How to Read a Peptide Certificate of Analysis (COA): A Researcher's Field Guide

What Is a Certificate of Analysis for Peptides?

A Certificate of Analysis (COA) is the formal quality document issued by a laboratory after testing a peptide batch. It records every analytical measurement performed on that specific lot — purity percentage, confirmed molecular identity, moisture content, and safety screens — and links those results to a unique batch or lot number. Before a researcher opens a vial or prepares a solution, the COA is the single most informative document available about what is actually inside the container.

Understanding how to read a certificate of analysis for peptides is not just a procedural formality. Researchers investigating compounds such as BPC-157, Ipamorelin, or GHK-Cu depend on confirmed identity and purity to draw valid conclusions from their in vitro or in vivo experiments. A COA that shows degraded purity or an unexpected molecular weight signals that experimental results may be unreliable — independent of technique.

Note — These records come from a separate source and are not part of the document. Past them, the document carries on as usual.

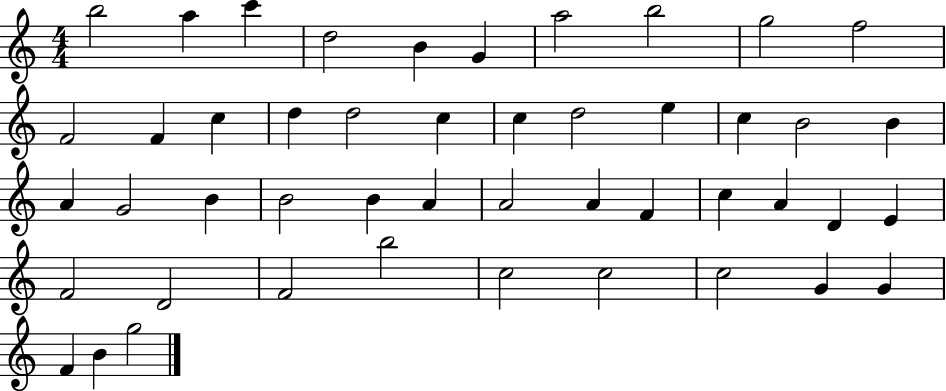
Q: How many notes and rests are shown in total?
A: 47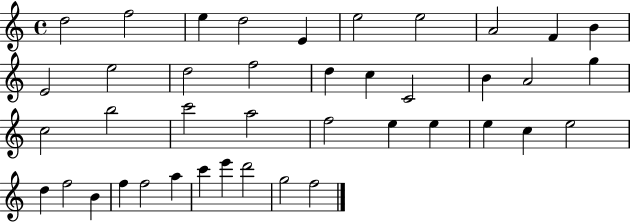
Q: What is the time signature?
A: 4/4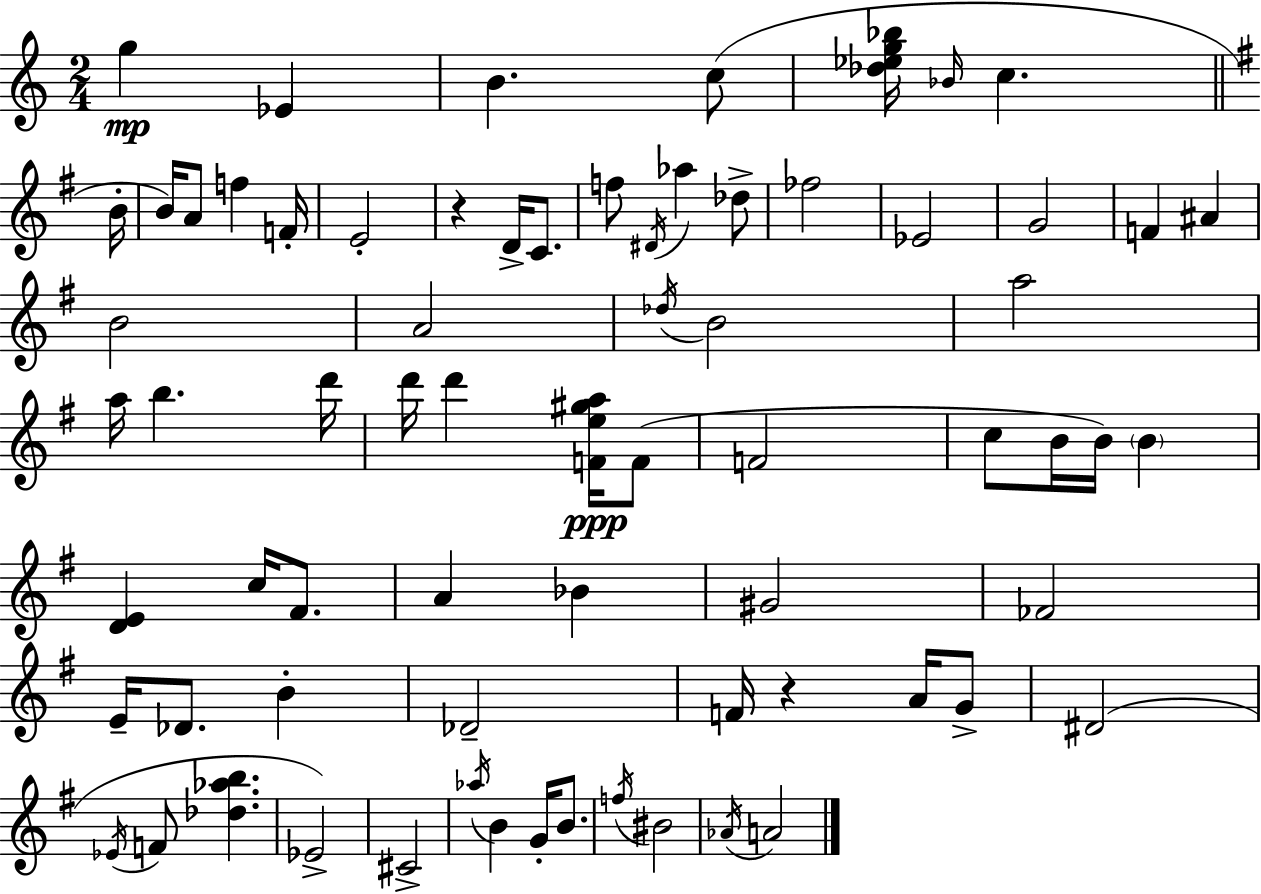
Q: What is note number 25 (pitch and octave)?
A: A4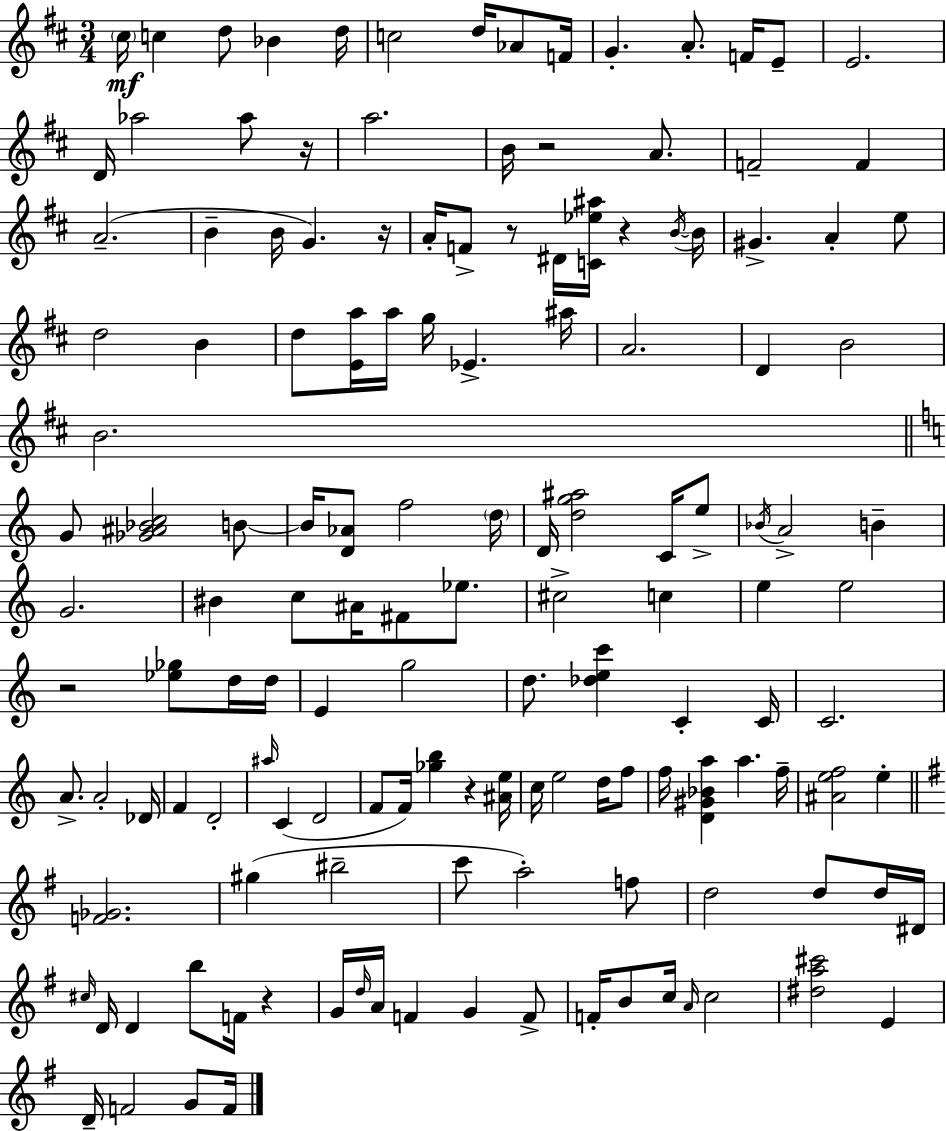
C#5/s C5/q D5/e Bb4/q D5/s C5/h D5/s Ab4/e F4/s G4/q. A4/e. F4/s E4/e E4/h. D4/s Ab5/h Ab5/e R/s A5/h. B4/s R/h A4/e. F4/h F4/q A4/h. B4/q B4/s G4/q. R/s A4/s F4/e R/e D#4/s [C4,Eb5,A#5]/s R/q B4/s B4/s G#4/q. A4/q E5/e D5/h B4/q D5/e [E4,A5]/s A5/s G5/s Eb4/q. A#5/s A4/h. D4/q B4/h B4/h. G4/e [Gb4,A#4,Bb4,C5]/h B4/e B4/s [D4,Ab4]/e F5/h D5/s D4/s [D5,G5,A#5]/h C4/s E5/e Bb4/s A4/h B4/q G4/h. BIS4/q C5/e A#4/s F#4/e Eb5/e. C#5/h C5/q E5/q E5/h R/h [Eb5,Gb5]/e D5/s D5/s E4/q G5/h D5/e. [Db5,E5,C6]/q C4/q C4/s C4/h. A4/e. A4/h Db4/s F4/q D4/h A#5/s C4/q D4/h F4/e F4/s [Gb5,B5]/q R/q [A#4,E5]/s C5/s E5/h D5/s F5/e F5/s [D4,G#4,Bb4,A5]/q A5/q. F5/s [A#4,E5,F5]/h E5/q [F4,Gb4]/h. G#5/q BIS5/h C6/e A5/h F5/e D5/h D5/e D5/s D#4/s C#5/s D4/s D4/q B5/e F4/s R/q G4/s D5/s A4/s F4/q G4/q F4/e F4/s B4/e C5/s A4/s C5/h [D#5,A5,C#6]/h E4/q D4/s F4/h G4/e F4/s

You can view the COA for any EVO Labs Research batch directly at Certificate of Analysis by entering your lot number. The remainder of this article explains exactly what each field means and what values to look for.

The Anatomy of a Peptide COA: Section by Section

Most COAs from reputable third-party laboratories follow a similar structure. The fields below represent the standard analytical sections you will encounter. Not every supplier includes every test — the depth of a COA is itself a quality signal.

Lot / Batch Number and Product Identification

The top of the document identifies the compound by its full chemical name, common name, and CAS number where applicable. The lot number ties every analytical result on the page to a discrete manufacturing batch. If a researcher ever needs to troubleshoot a failed experiment, the lot number is the reference that allows the supplier to pull production records and the laboratory to retrieve raw instrument data.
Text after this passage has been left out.